_Directions_
A word-for-word reproduction of the data below is needed, with no pictures in it.

------ Record excerpts ------

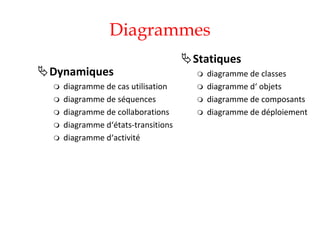 Diagrammes
Dynamiques
 diagramme de cas utilisation
 diagramme de séquences
 diagramme de collaborations
 diagramme d‘états-transitions
 diagramme d‘activité
Statiques
 diagramme de classes
 diagramme d‘ objets
 diagramme de composants
 diagramme de déploiement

------

_Your solution_
 Diagrammes
Dynamiques
 diagramme de cas utilisation
 diagramme de séquences
 diagramme de collaborations
 diagramme d‘états-transitions
 diagramme d‘activité
Statiques
 diagramme de classes
 diagramme d‘ objets
 diagramme de composants
 diagramme de déploiement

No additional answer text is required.